About 30 of them were even burned in a so-called "purification" ceremony. 

Popular French publications such as Tintin, Asterix and Lucky Luke were among the subversive books discarded because they contained illustrations or language deemed offensive to minorities.

According to a school board spokesperson, the initiative was intended to "make a gesture of openness and reconciliation". To say that it failed is an understatement. 

With Canada’s federal election just ten days away, the issue has soured the campaign, exacerbating positions on the highly sensitive issue of identity. At such a level of naïve optimism, the most just of causes does not need an adversary. 

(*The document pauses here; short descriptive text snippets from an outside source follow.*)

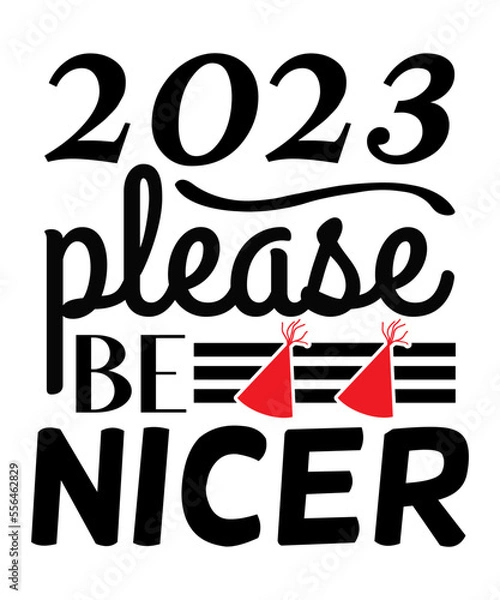 Fototapeta Happy New Year Svg Design, Happy New Year 2023 SVG Bundle, New Year SVG, New Year Outfit svg, New Year quotes svg, New Year Sublimation,Happy New Year Svg, 2023 new year Svg, New Year Shirt Svg, 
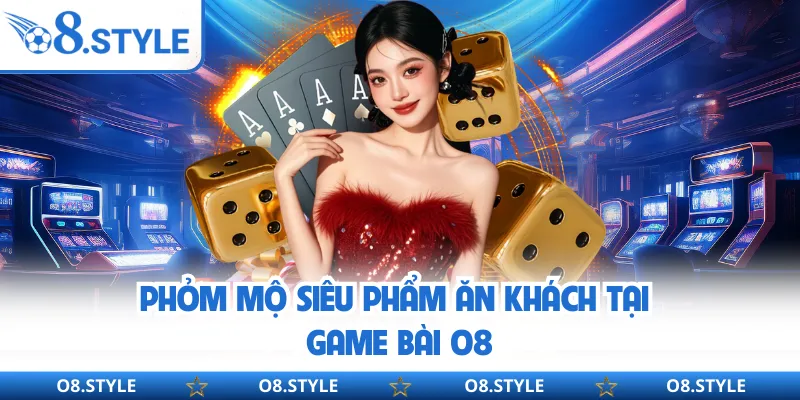 Phỏm mộ siêu phẩm ăn khách tại game bài O8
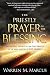 The Priestly Prayer of the Blessing: The Ancient Secret of the Only Prayer in the Bible Written by God Himself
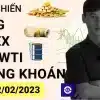 Giá Vàng tuần này - Xu hướng Forex - Giá dầu - Chứng khoán cơ sở tuần 06-2023 (06 - 12/02)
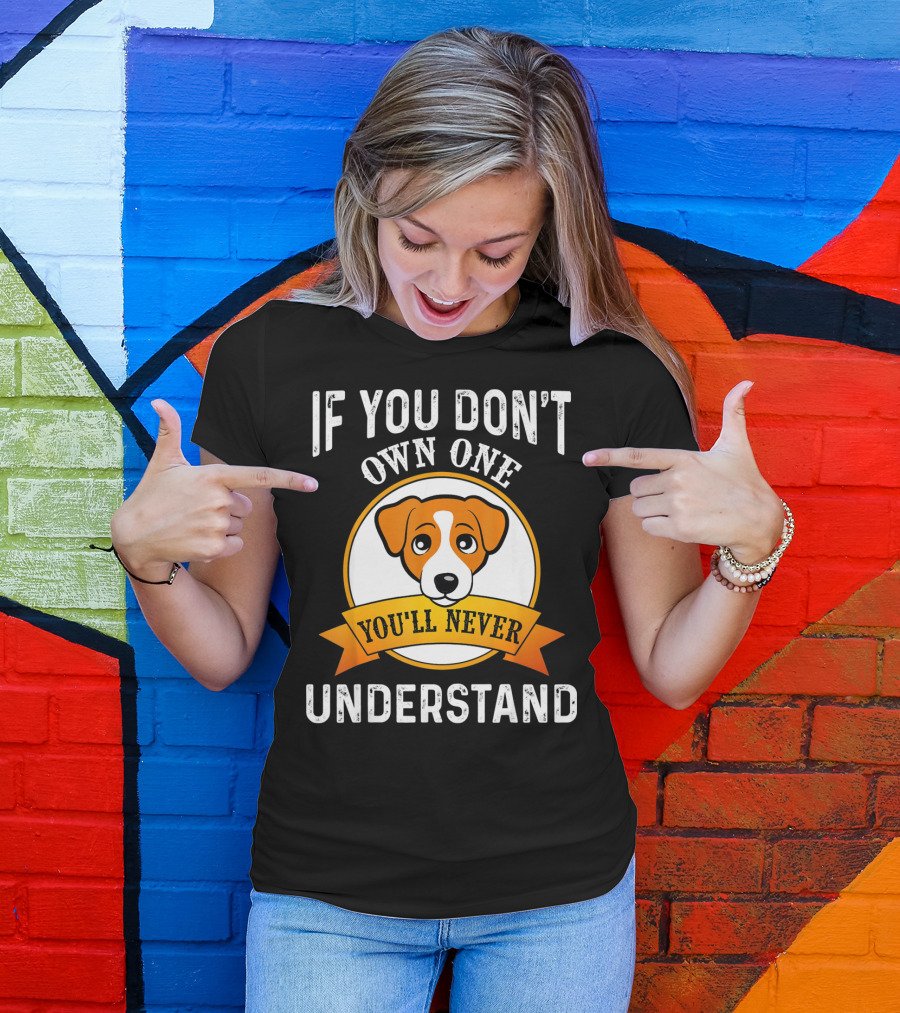 Jack Russell Terrier If You Don't Own One You'll Never Understand T-Shirt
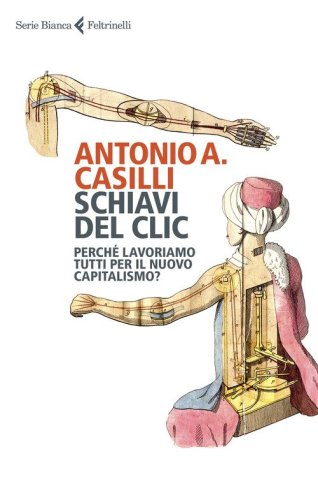 Schiavi del clic. Perch&eacute; lavoriamo tutti per il nuovo capitalismo?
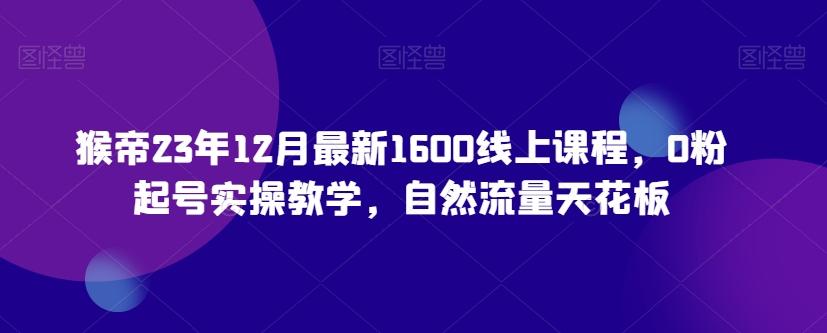 猴帝23年12月最新1600线上课程，0粉起号实操教学，自然流量天花板-悟空云赚AI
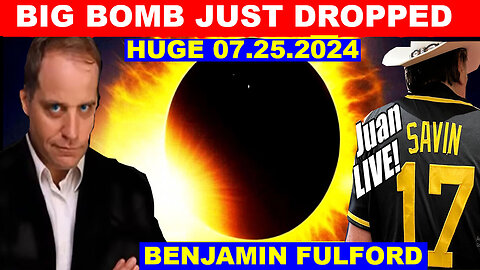 Benjamin Fulford SHOCKING NEWS 07/25/24 🔴 Big Reveal About Us Military 🔴 JUAN O SAVIN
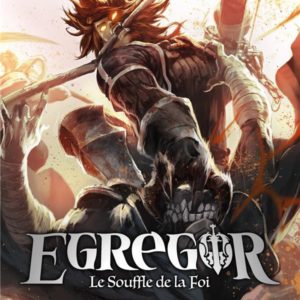 EGREGOR - TOME 7 - LE SOUFFLE DE LA FOI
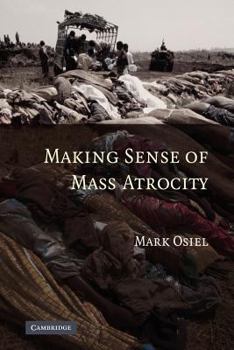 Paperback Making Sense of Mass Atrocity Book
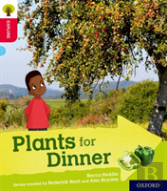 Oxford Reading Tree Explore With Biff, Chip And Kipper: Oxford Level 4: Plants For Dinner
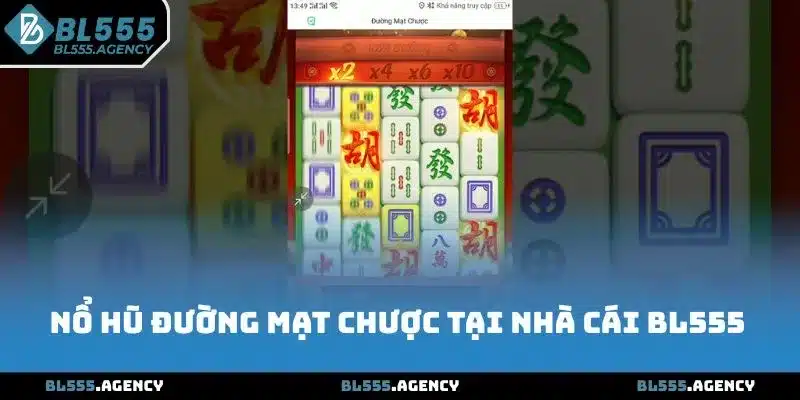 Nổ Hũ Đường Mạt Chược rất phổ biến tại nhà cái BL555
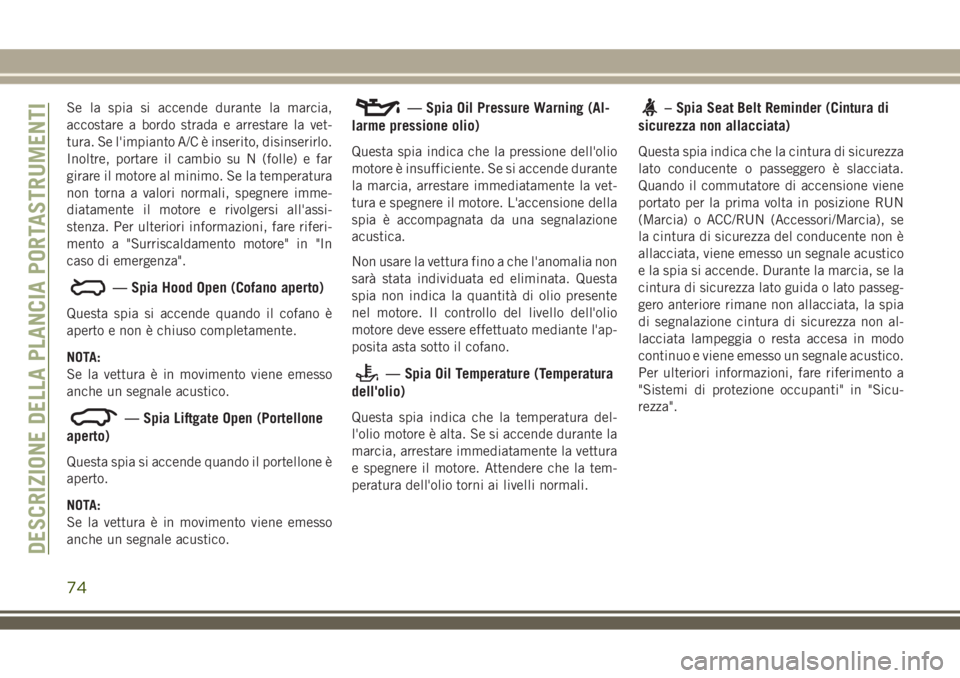 JEEP COMPASS 2018 Libretto Uso Manutenzione (in Italian) Se la spia si accende durante la marcia,
accostare a bordo strada e arrestare la vet-
tura. Se l'impianto A/C è inserito, disinserirlo.
Inoltre, portare il cambio su N (folle) e far
girare il mot JEEP COMPASS 2018 Libretto Uso Manutenzione (in Italian) Se la spia si accende durante la marcia,
accostare a bordo strada e arrestare la vet-
tura. Se l'impianto A/C è inserito, disinserirlo.
Inoltre, portare il cambio su N (folle) e far
girare il mot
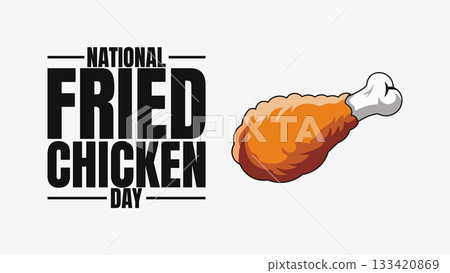 National Fried Chicken Day, Crispy, Crunchy, and Delicious 133420869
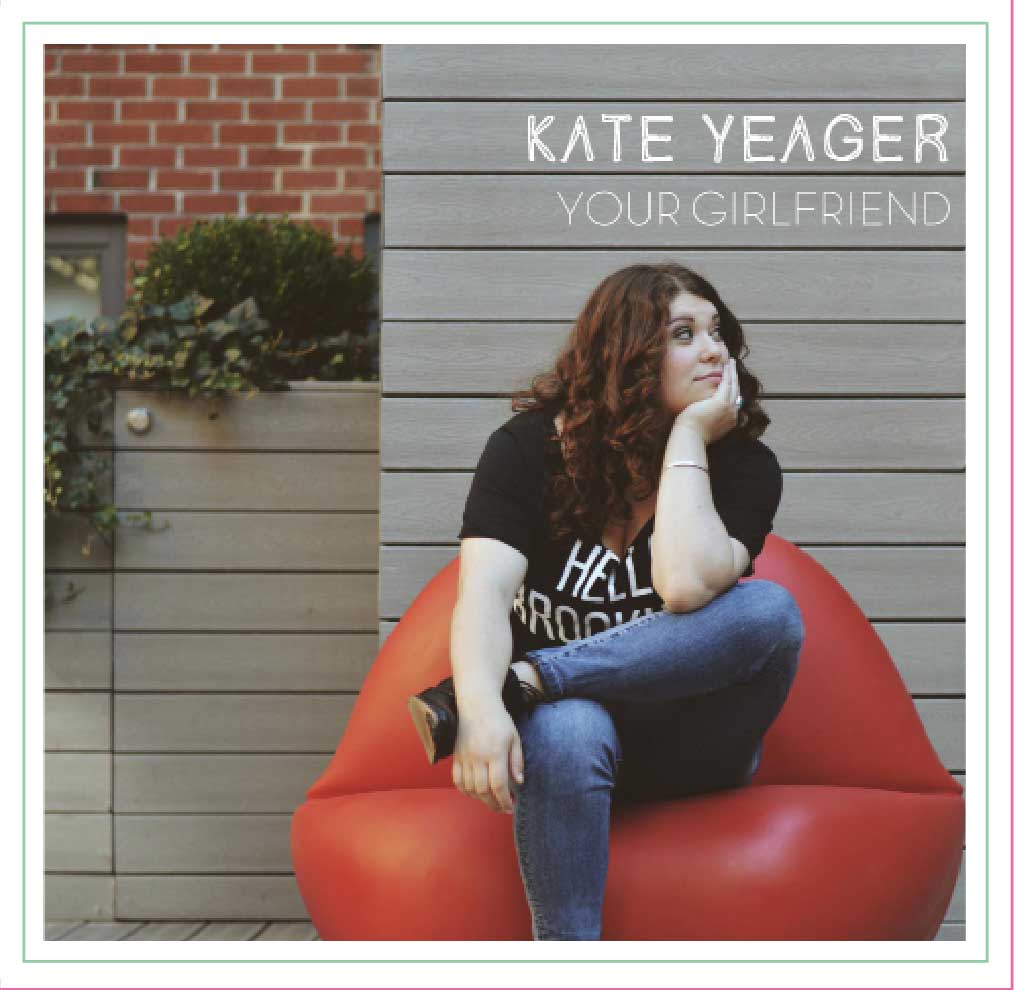 Kate Yeager - Your Girlfriend - Bob Held producer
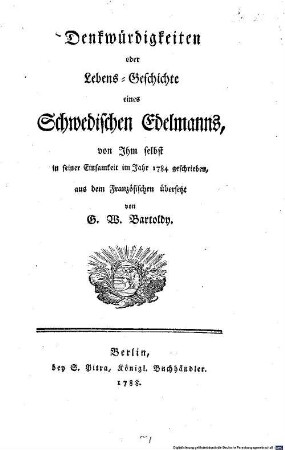 Denkwürdigkeiten oder Lebens-Geschichte eines Schwedischen Edelmanns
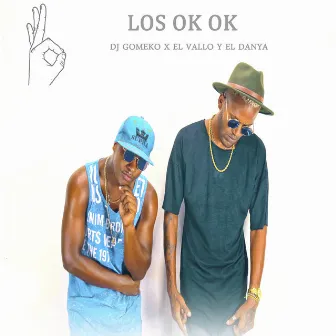 Los Ok Ok by El Danya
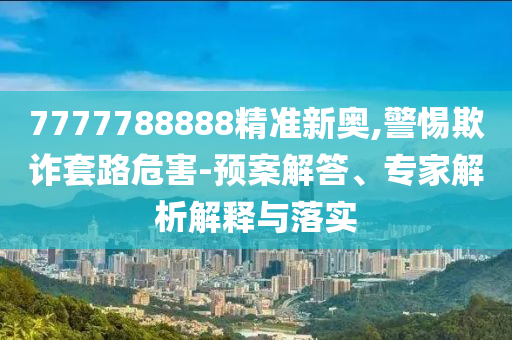 7777788888精準新奧,警惕欺詐套路危害-預案解答、專家解析解釋與落實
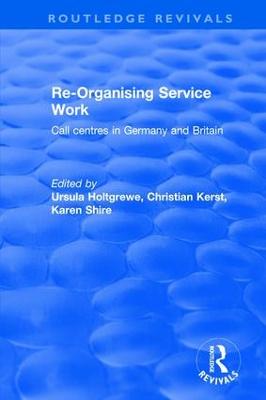 Re-organising Service Work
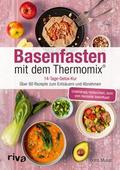 Basenfasten mit dem Thermomix®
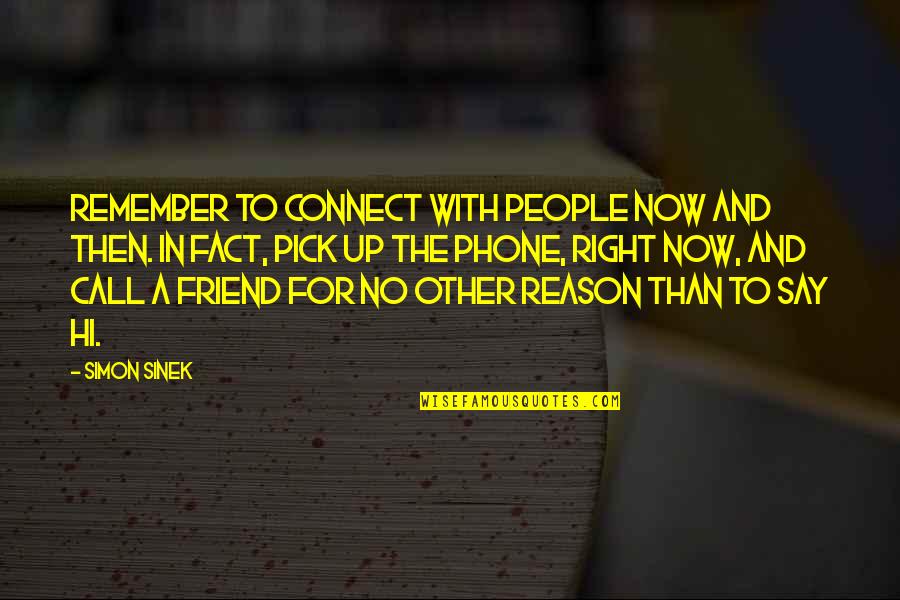 Say Hi To A Friend Quotes By Simon Sinek: Remember to connect with people now and then.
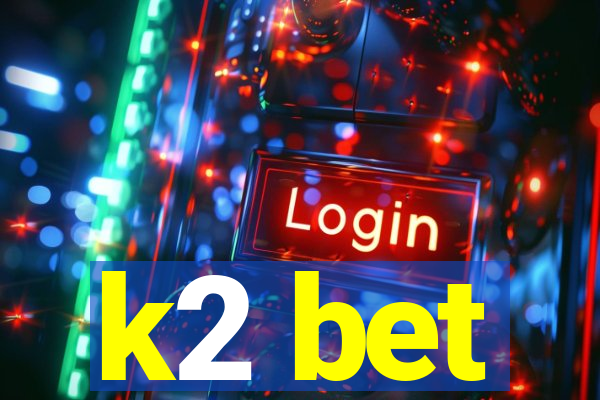 k2 bet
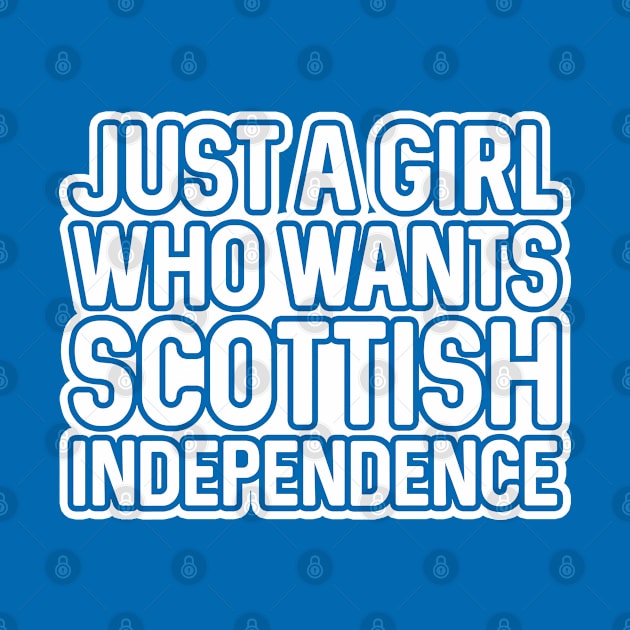 JUST A GIRL WHO WANTS SCOTTISH INDEPENDENCE, Scottish Independence White and Saltire Blue Layered Text Slogan by MacPean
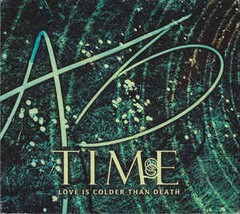 LOVE IS COLDER THAN DEATH - TIME (CD DUPLO)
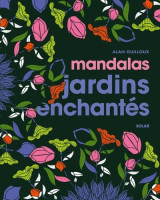 Mandalas jardins enchantés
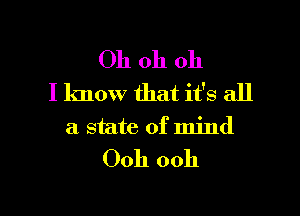 Oh oh oh
I know that it's all

a state of mind
Ooh ooh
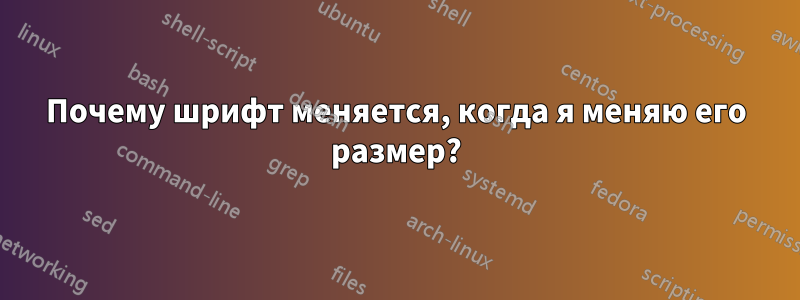 Почему шрифт меняется, когда я меняю его размер?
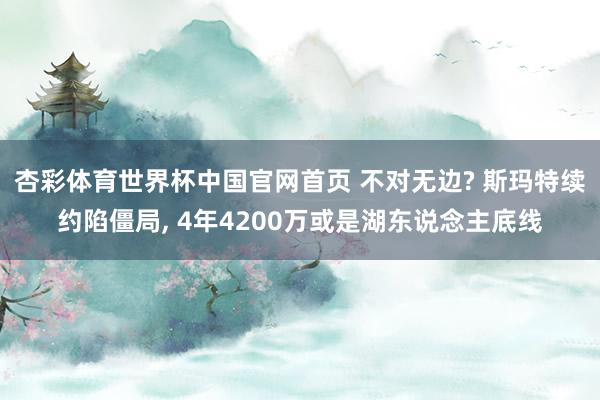 杏彩体育世界杯中国官网首页 不对无边? 斯玛特续约陷僵局， 4年4200万或是湖东说念主底线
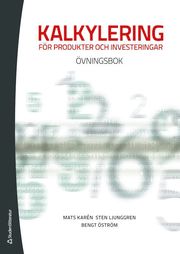 Kalkylering f�r produkter och investeringar : �vningsbok (h�ftad)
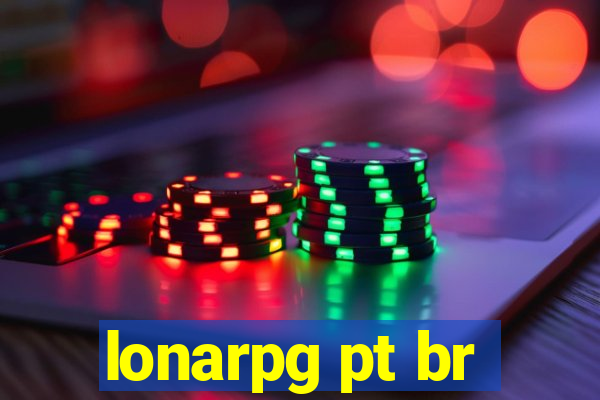 lonarpg pt br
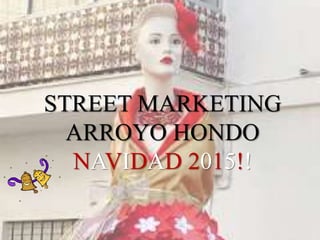 STREET MARKETING
ARROYO HONDO
NAVIDAD 2015!!
 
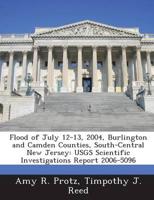 Flood of July 12-13, 2004, Burlington and Camden Counties, South-Central Ne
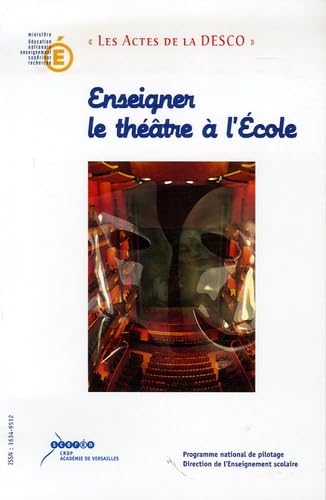 Enseigner le théâtre à l'Ecole: Au carrefour des lettres, des arts et de la vie scolaire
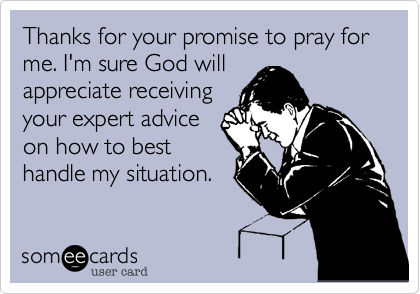 Thanks for your promise to pray for me. I'm sure God will
appreciate receiving
your expert advice
on how to best
handle my situation.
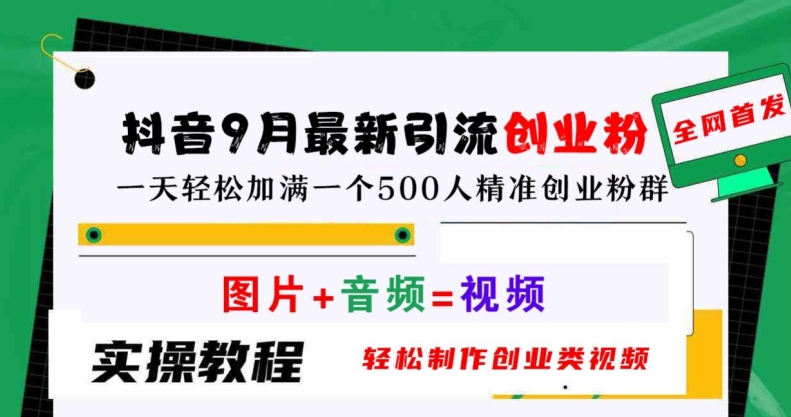 抖音9月最新引流创业粉，轻松制作创业类视频，一天轻松加满一个500人精准创业粉群【揭秘】-最全资源库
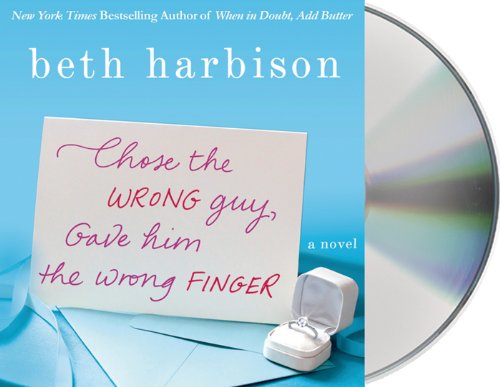 Chose The Wrong Guy, Gave Him The Wrong Finger by Beth Harbison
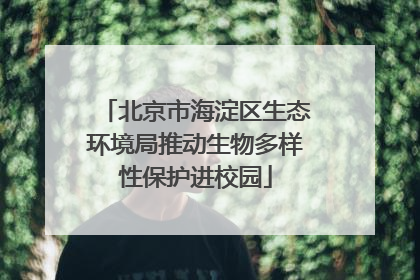 北京市海淀区生态环境局推动生物多样性保护进校园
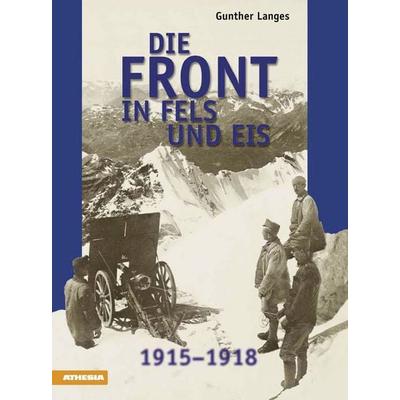 Die Front in Fels und Eis, Taschenbuch von Gunther Langes, Athesia-Tappeiner Verlag, 978-88--6839089-1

The trauma caused by the residential school scandal will haunt Canadian society for a long time. Overcoming it requires the patient work of memory and dialogue. 

That is the exact opposite of what’s being promoted by supporters of "cancel culture", a culture of erasure and forgetting. 

Such matters are too serious to be settled with a tweet or the strike of a match.

The lesson applies to us as well. 

All societies are grappling with their present or past demons. 

When we claim to reconcile cultures, the last thing we should do is to give in to emotion or naivety.

Jérôme Chapuis is the editor-in-chief of La Croix.